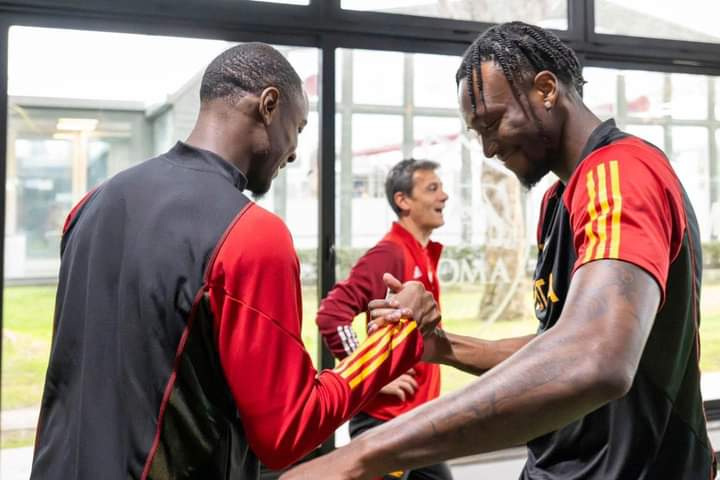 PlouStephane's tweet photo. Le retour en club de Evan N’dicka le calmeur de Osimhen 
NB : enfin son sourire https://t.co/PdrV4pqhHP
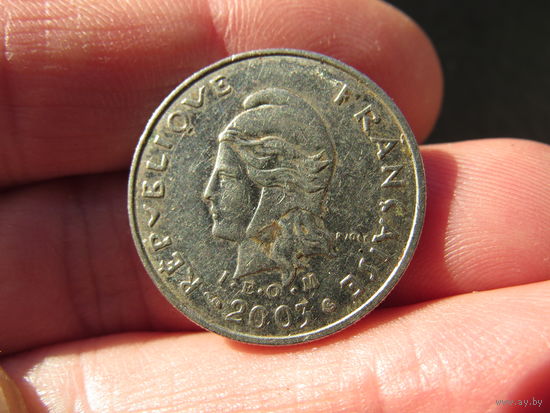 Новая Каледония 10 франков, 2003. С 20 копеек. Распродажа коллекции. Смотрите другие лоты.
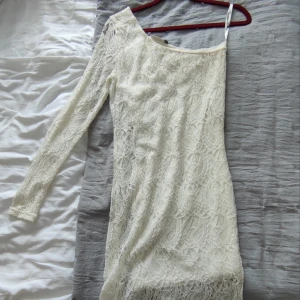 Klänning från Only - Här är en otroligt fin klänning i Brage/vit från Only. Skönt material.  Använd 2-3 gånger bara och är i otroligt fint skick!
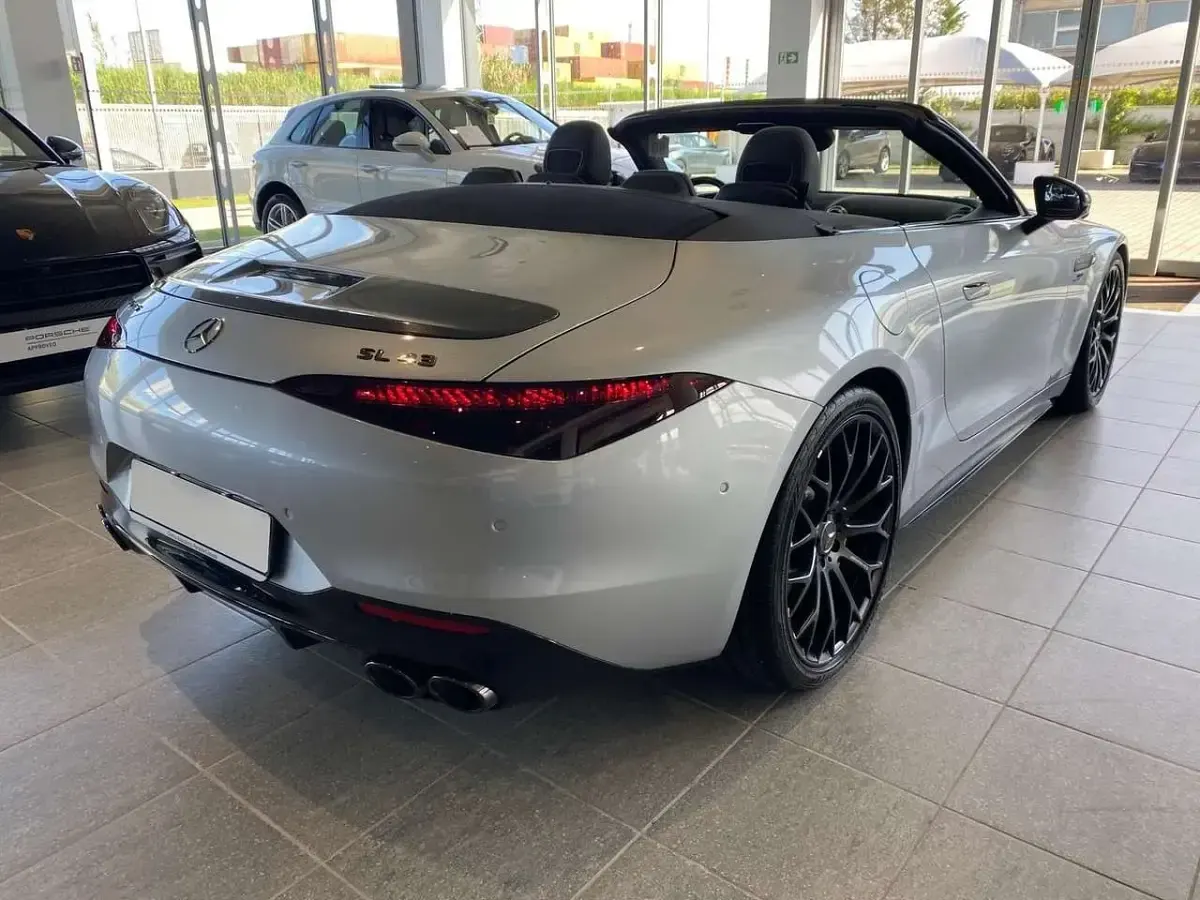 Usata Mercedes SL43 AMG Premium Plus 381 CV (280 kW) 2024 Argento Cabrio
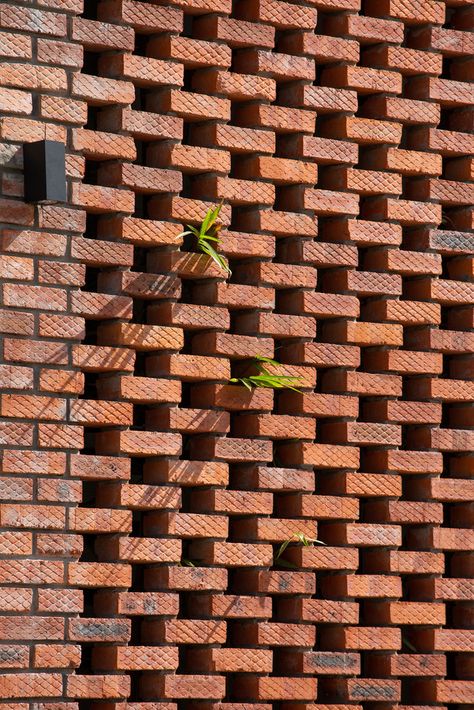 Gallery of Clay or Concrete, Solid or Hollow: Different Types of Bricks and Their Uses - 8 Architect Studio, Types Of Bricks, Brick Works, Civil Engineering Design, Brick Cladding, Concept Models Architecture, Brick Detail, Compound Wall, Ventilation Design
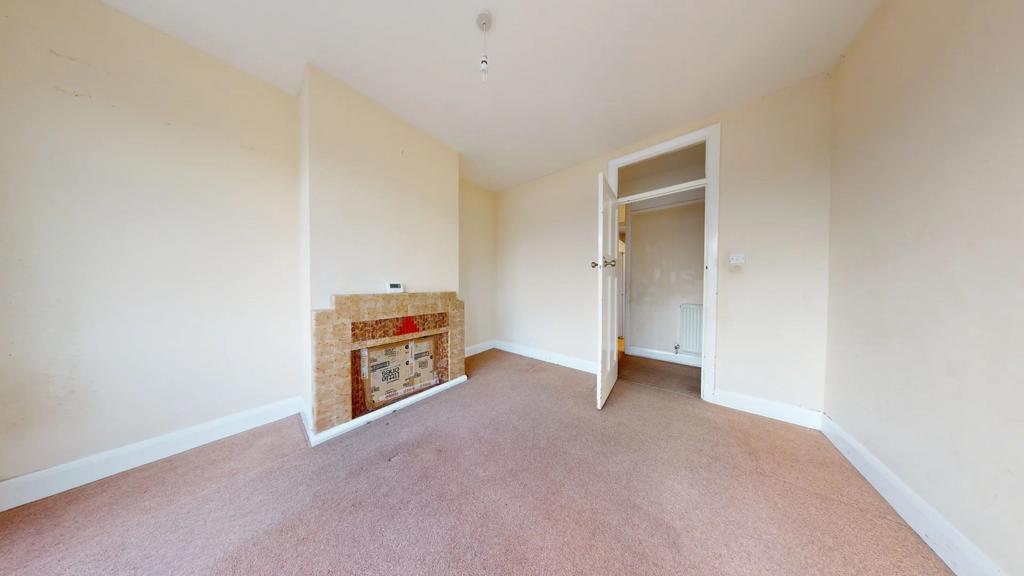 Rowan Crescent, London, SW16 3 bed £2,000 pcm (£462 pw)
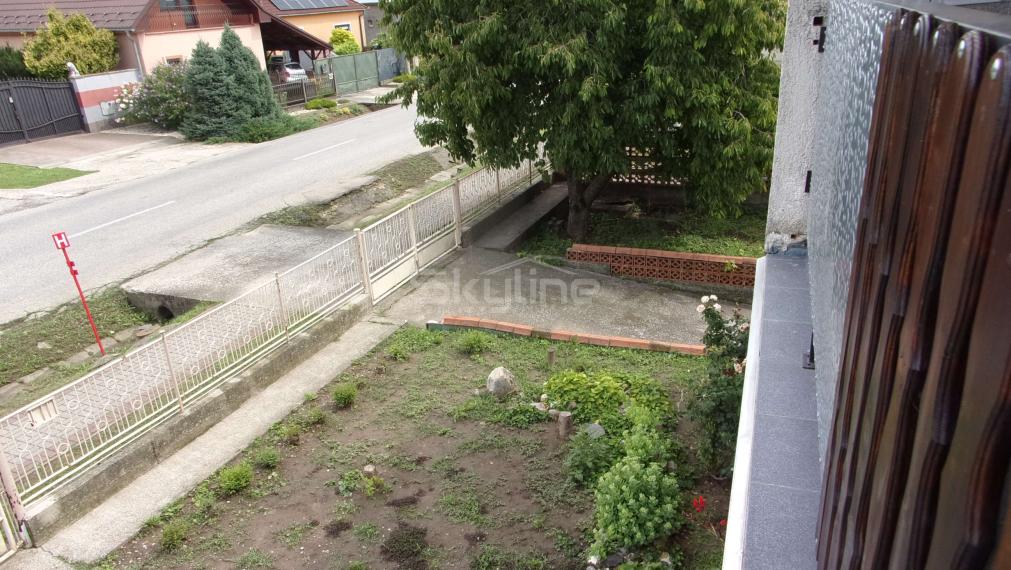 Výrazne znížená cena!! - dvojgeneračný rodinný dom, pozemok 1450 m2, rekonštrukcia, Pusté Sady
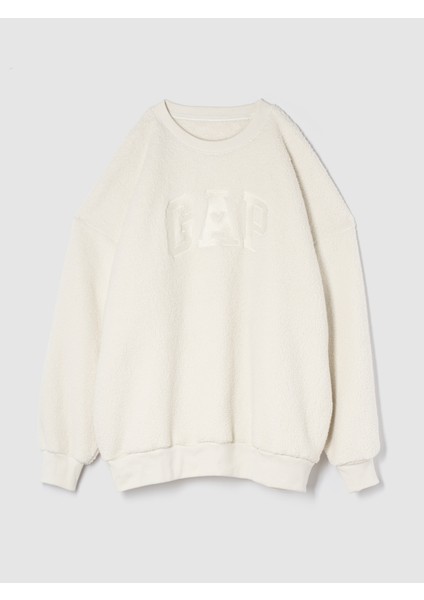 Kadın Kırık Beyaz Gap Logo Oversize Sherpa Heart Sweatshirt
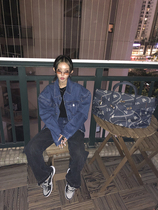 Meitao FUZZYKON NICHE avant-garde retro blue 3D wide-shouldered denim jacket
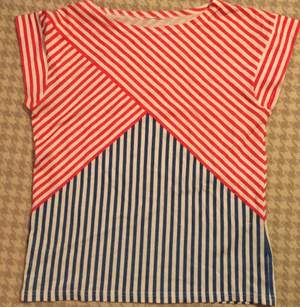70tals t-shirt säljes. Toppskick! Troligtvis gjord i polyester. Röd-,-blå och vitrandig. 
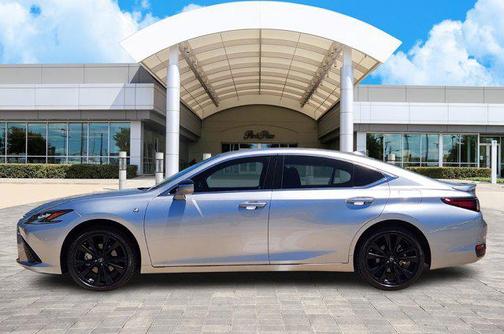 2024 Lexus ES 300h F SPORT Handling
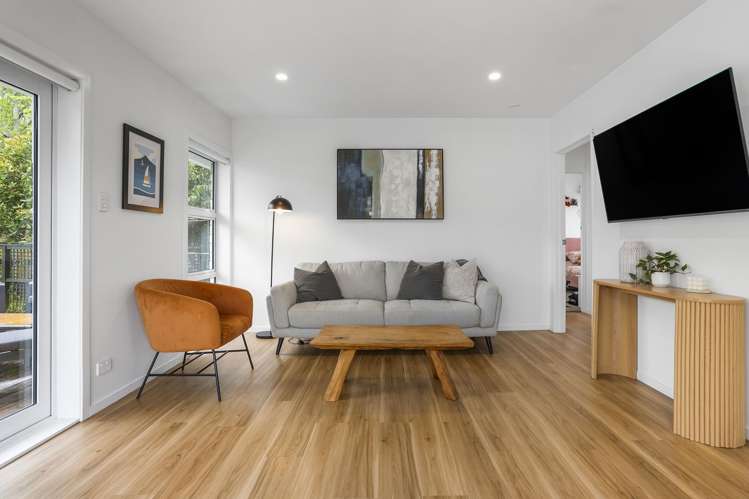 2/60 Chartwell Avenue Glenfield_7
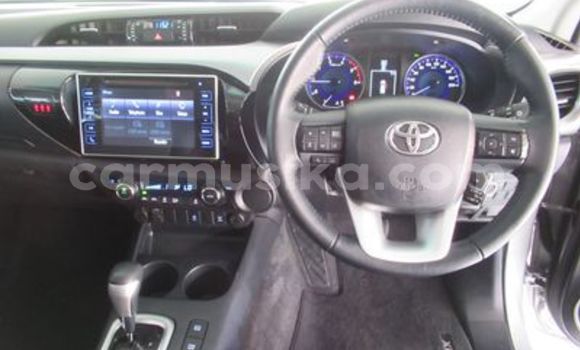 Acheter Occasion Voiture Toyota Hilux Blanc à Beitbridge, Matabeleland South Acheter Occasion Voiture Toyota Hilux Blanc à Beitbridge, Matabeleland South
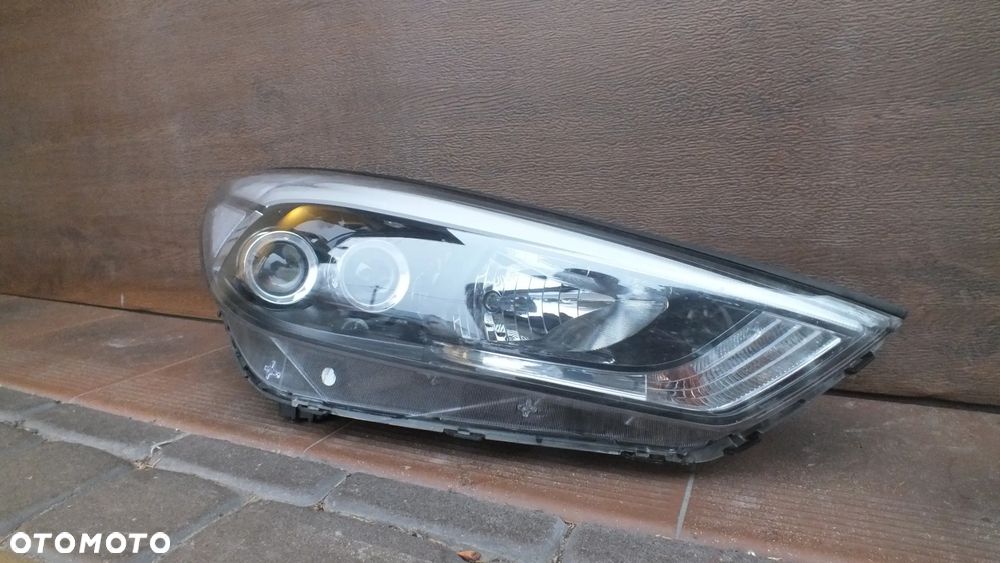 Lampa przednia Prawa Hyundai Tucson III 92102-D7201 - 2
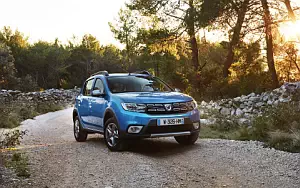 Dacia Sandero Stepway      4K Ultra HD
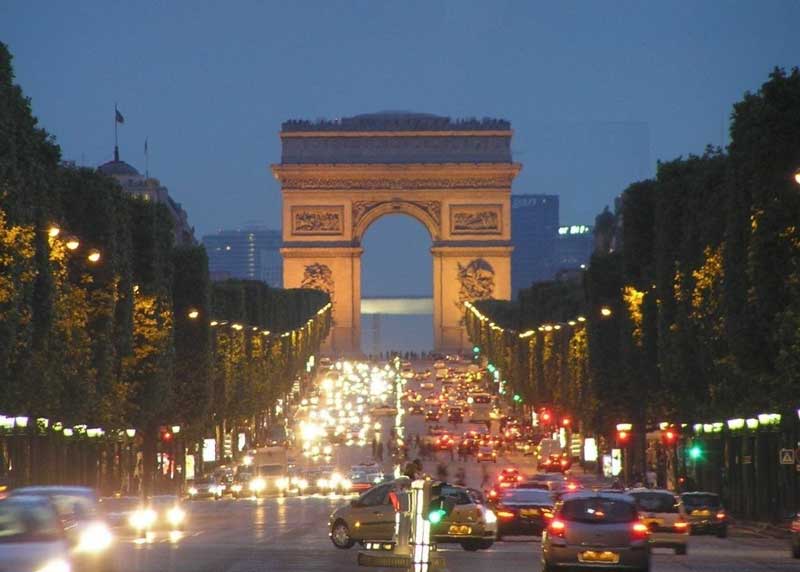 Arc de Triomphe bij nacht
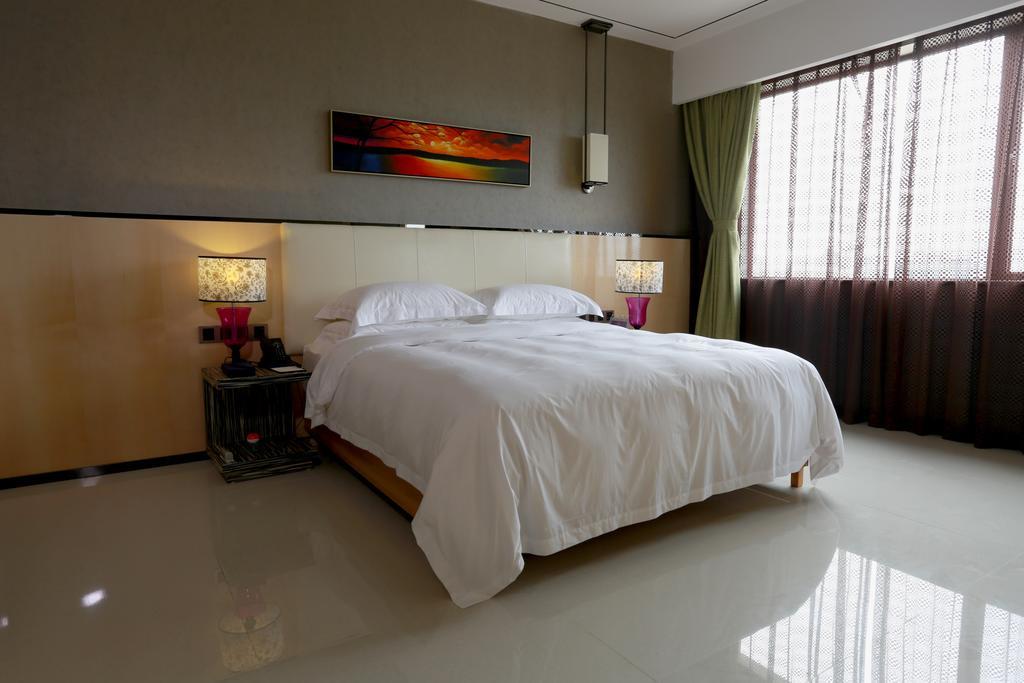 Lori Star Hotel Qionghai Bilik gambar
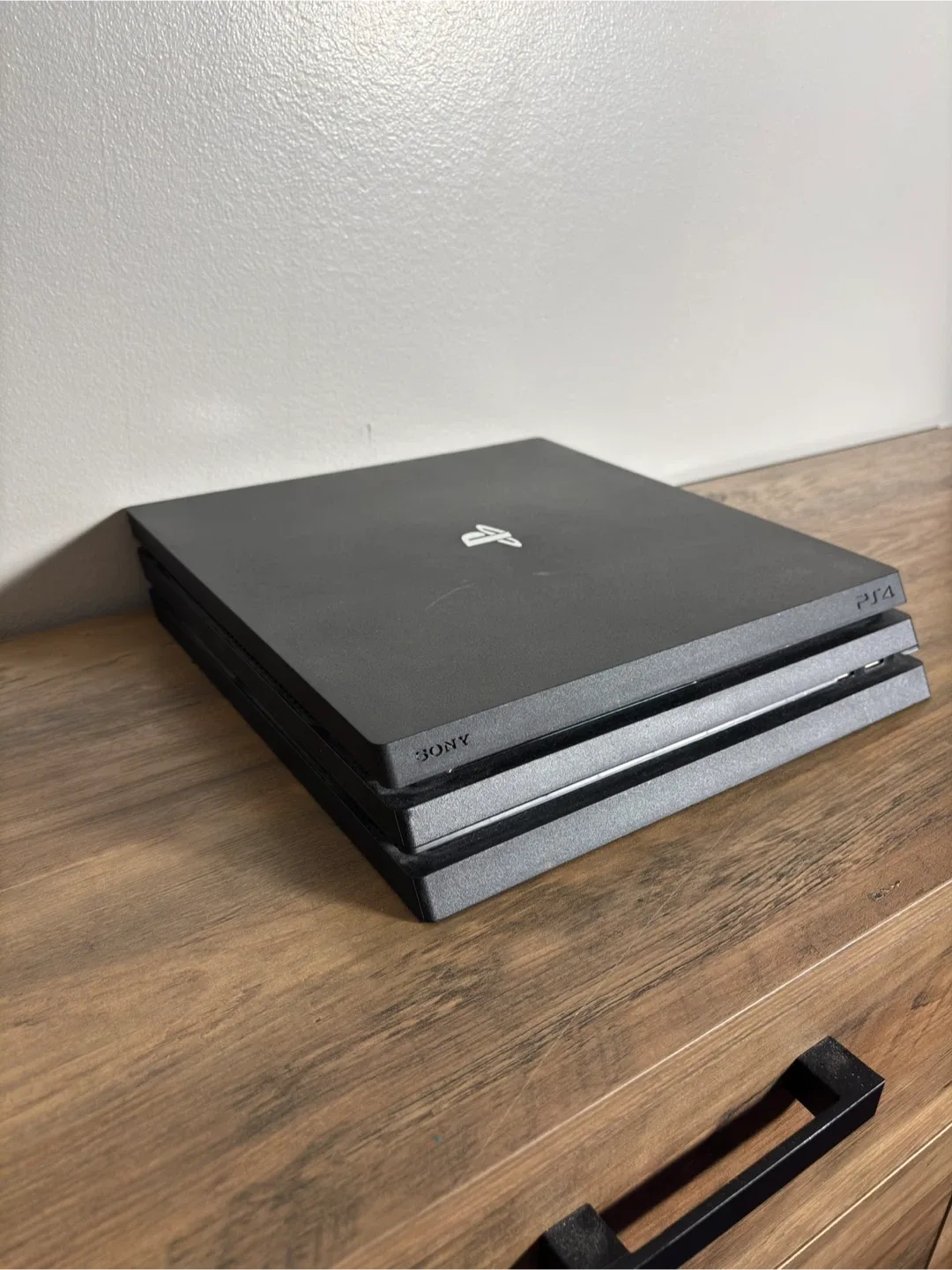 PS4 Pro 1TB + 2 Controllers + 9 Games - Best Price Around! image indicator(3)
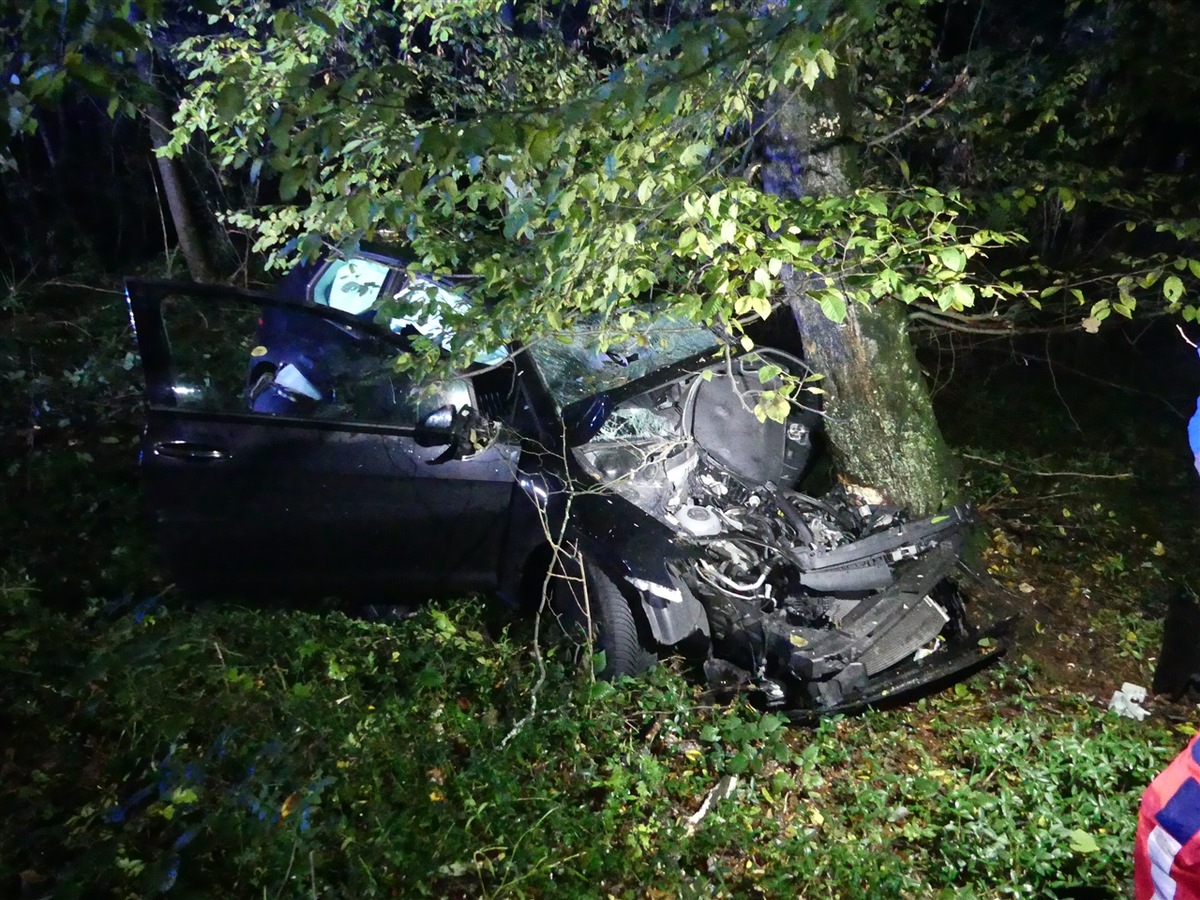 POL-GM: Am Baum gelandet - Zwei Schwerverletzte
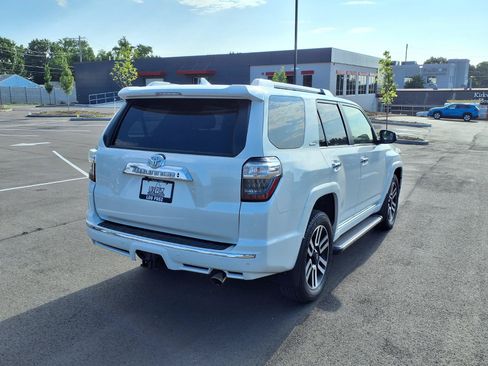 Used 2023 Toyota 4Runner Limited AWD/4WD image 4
- - - - -
=== ASSIGNMENT ===
Since the pictures are not wanted, set down only the rest of each record, exactly as above.

=== REPLY ===
 PlouStephane's tweet photo. Le retour en club de Evan N’dicka le calmeur de Osimhen 
NB : enfin son sourire https://t.co/PdrV4pqhHP
 Новая Каледония 10 франков, 2003. С 20 копеек. Распродажа коллекции. Смотрите другие лоты.
 Klänning från Only - Här är en otroligt fin klänning i Brage/vit från Only. Skönt material.  Använd 2-3 gånger bara och är i otroligt fint skick!
 Usata Mercedes SL43 AMG Premium Plus 381 CV (280 kW) 2024 Argento Cabrio
 Gallery of Clay or Concrete, Solid or Hollow: Different Types of Bricks and Their Uses - 8 Architect Studio, Types Of Bricks, Brick Works, Civil Engineering Design, Brick Cladding, Concept Models Architecture, Brick Detail, Compound Wall, Ventilation Design
 Rowan Crescent, London, SW16 3 bed £2,000 pcm (£462 pw)
 Výrazne znížená cena!! - dvojgeneračný rodinný dom, pozemok 1450 m2, rekonštrukcia, Pusté Sady
 Kadın Kırık Beyaz Gap Logo Oversize Sherpa Heart Sweatshirt
 Meitao FUZZYKON NICHE avant-garde retro blue 3D wide-shouldered denim jacket
70tals t-shirt säljes. Toppskick! Troligtvis gjord i polyester. Röd-,-blå och vitrandig. 
 2024 Lexus ES 300h F SPORT Handling
 2/60 Chartwell Avenue Glenfield_7
 Acheter Occasion Voiture Toyota Hilux Blanc à Beitbridge, Matabeleland South Acheter Occasion Voiture Toyota Hilux Blanc à Beitbridge, Matabeleland South
 Lampa przednia Prawa Hyundai Tucson III 92102-D7201 - 2
 Dacia Sandero Stepway      4K Ultra HD
 Arc de Triomphe bij nacht
 Lori Star Hotel Qionghai Bilik gambar
 PS4 Pro 1TB + 2 Controllers + 9 Games - Best Price Around! image indicator(3)
 POL-GM: Am Baum gelandet - Zwei Schwerverletzte
 Used 2023 Toyota 4Runner Limited AWD/4WD image 4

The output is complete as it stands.